Description Marshall Garey 2018-01-25 12:58:55 MST

See bug 4660.

The sbatch job was rejected and didn't print out the jobid, but a job record was created and could be viewed with scontrol show job and sacct. sbatch should print the job id if the job record is created.

Comment 1 Marshall Garey 2018-02-05 12:21:44 MST

I think this is possible - here's how I would approach it:

I believe it would involve changing the logic in slurm_submit_batch[_pack]_job to make sure a response is always sent back (never NULL). But also the logic in sbatch.c (main()) to distinguish between a successful and failed and successful batch submission, since right now if resp == NULL then it knows that the batch submission failed. So it would probably need a field added to the submit_response_msg_t struct that would say if the batch submission failed or not.

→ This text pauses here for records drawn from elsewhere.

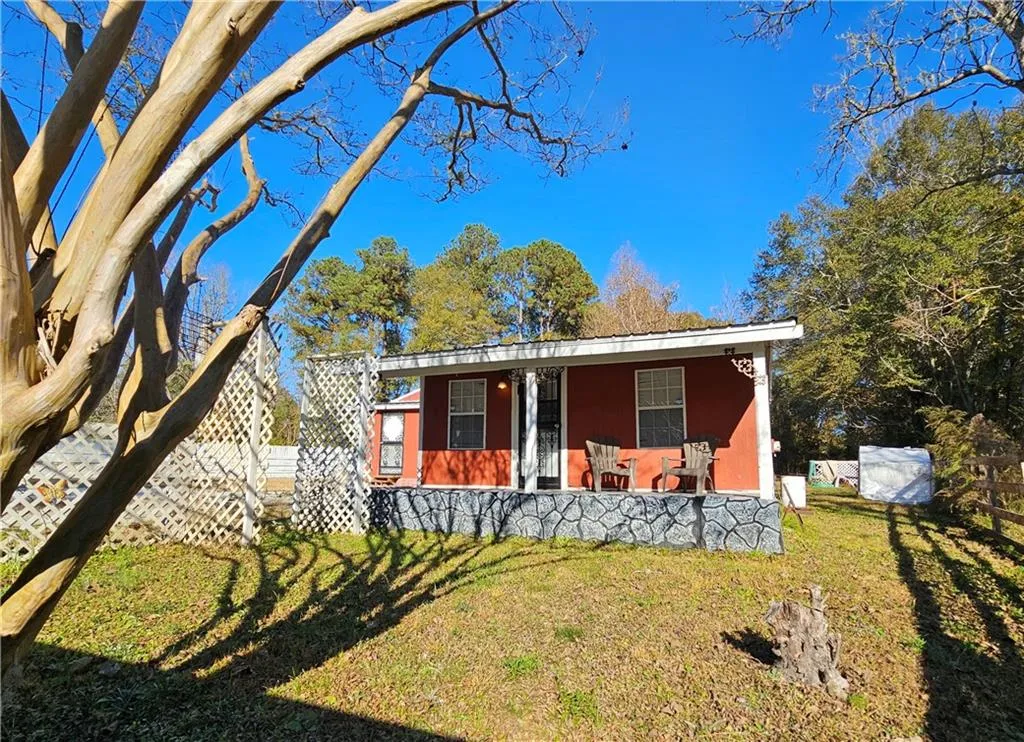 Additional image 4 of 480 Blanding Road, Hatchechubbee, AL 36858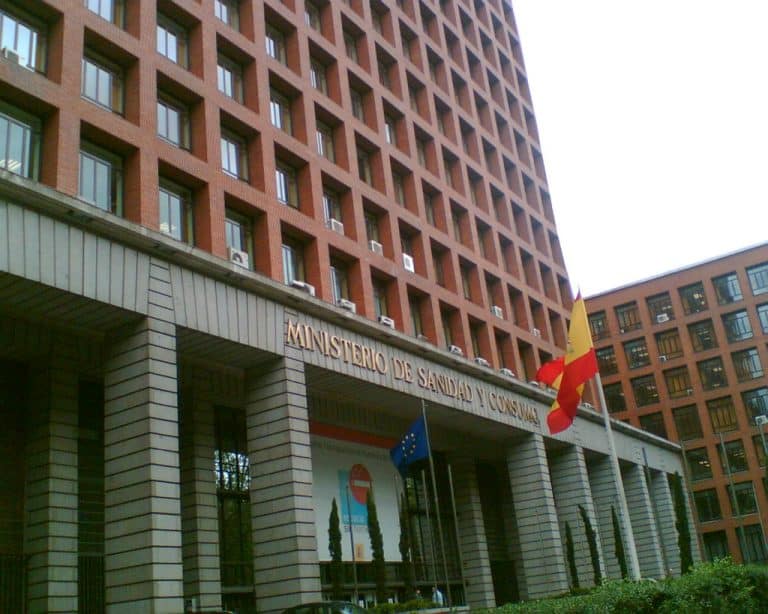 Abierta consulta pública para el proyecto de R.D. que desarrolla el Plan Estatal de preparación y respuesta frente a amenazas para la salud pública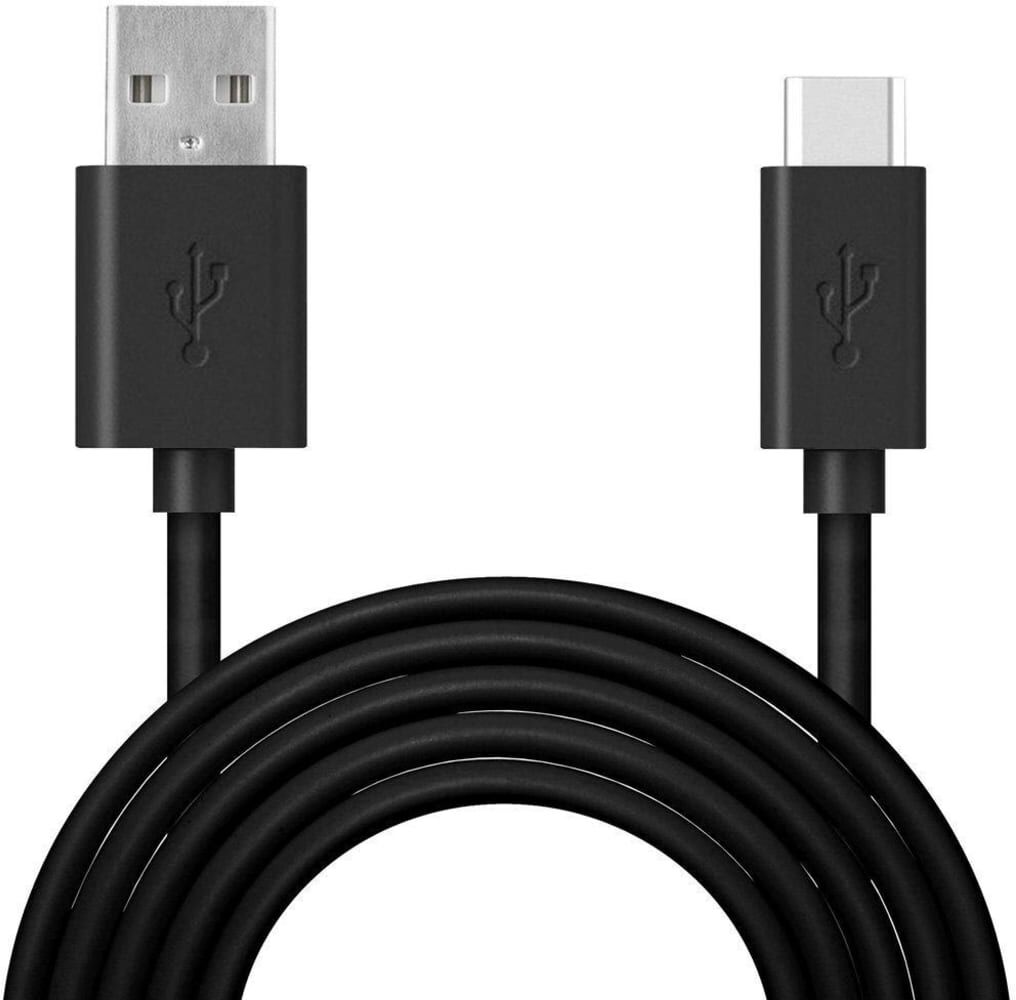 INF USB-C laddkabel / dataöverföringskabel USB 3.0 - 1m INF USB-C laddkabel / dataöverföringskabel USB 3.0 - 1m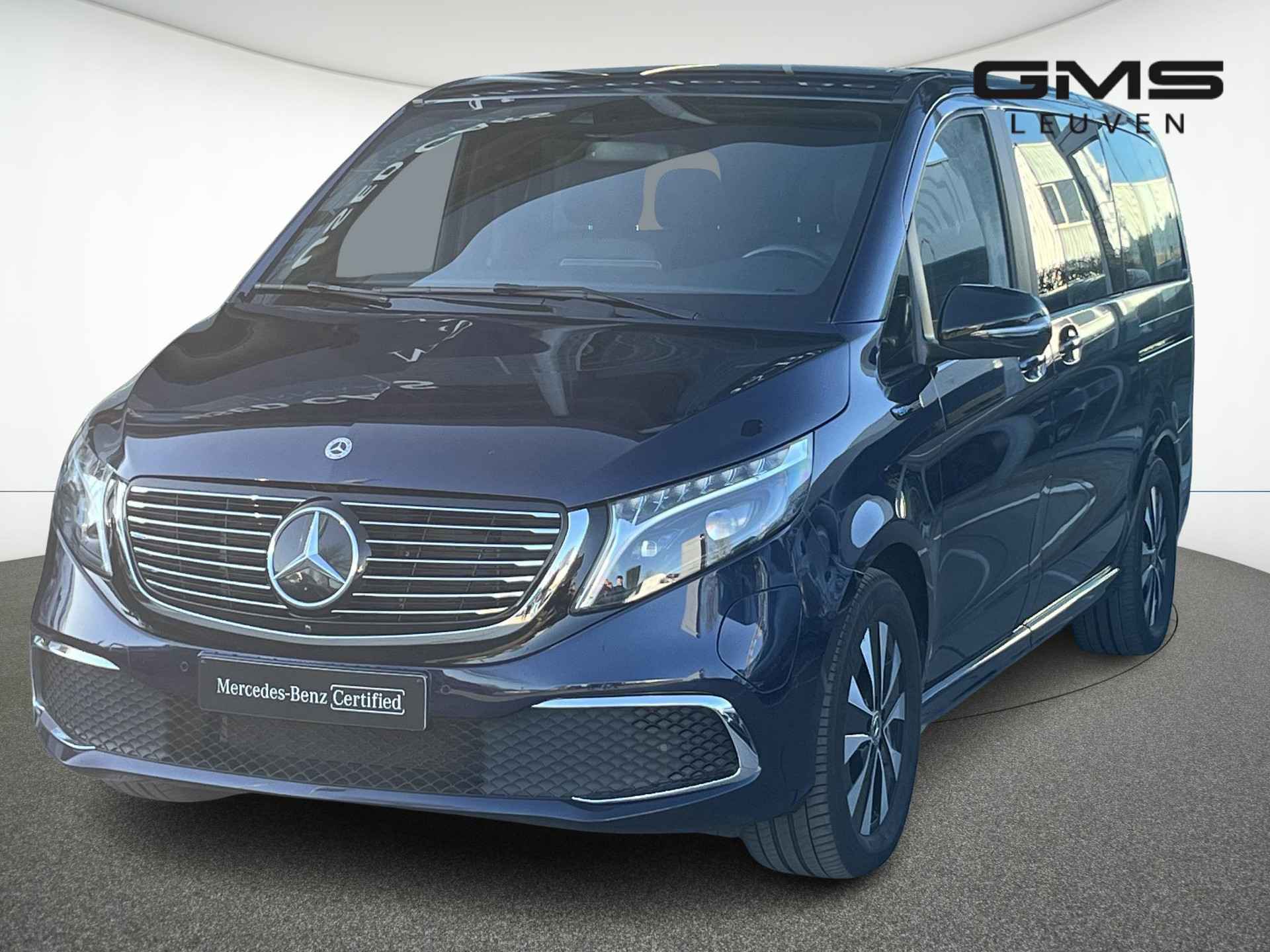 EQV 300 AVANTGARDE L2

And changing that would mean changing the protocol to pack/unpack that new field.

But I highly suspect this would mess up a bunch of other things that would then need to be fixed.

Since this isn't trivial and we don't have a SOW or sponsorship for this, I'm going to reassign this to dev-unassigned and let it sit on the back burner.

Maybe there's a simpler way, but I don't see it.

Comment 2 Moe Jette 2018-02-05 13:06:41 MST

One thing we have done through the years is add more error codes to more precisely identify the reason that a job is waiting or rejected. I'm not sure how easy it would be to identify the root cause of a job being rejected as being network topology related, but if that is not to difficult to do then I would recommend adding it.

Also note the data structure contents:
typedef struct submit_response_msg {
	uint32_t job_id;	/* job ID */
	uint32_t step_id;	/* step ID */
	uint32_t error_code;	/* error code for warning message */
	char *job_submit_user_msg; /* job submit plugin user_msg */
} submit_response_msg_t;

"job_submit_user_msg" can include an arbitrary message. It could be fairly verbose if desired, for example: "Rejected job 1234 since insufficient resources exist in nodes within a single network domain".

Comment 3 Marshall Garey 2018-02-09 10:26:56 MST

I've started working on adding an additional error message. It doesn't quite work yet but I think I'm close. I'll definitely want some feedback. I'll go ahead and take the bug again.

Comment 5 Wesley 2023-12-15 01:47:36 MST

(In reply to Marshall Garey from comment #3)
> I've started working on adding an additional error message. It doesn't quite
> work yet but I think I'm close. I'll definitely want some feedback. I'll go
> ahead and take the bug again.

Hi Marshall,Have you ultimately resolved this problem?
We have recently encountered the same problem. We want the sbatch command or restapi(POST /slurm/v0.0.39/job/submit) to print out Jobid of failed jobs,is there a solution?
Thanks!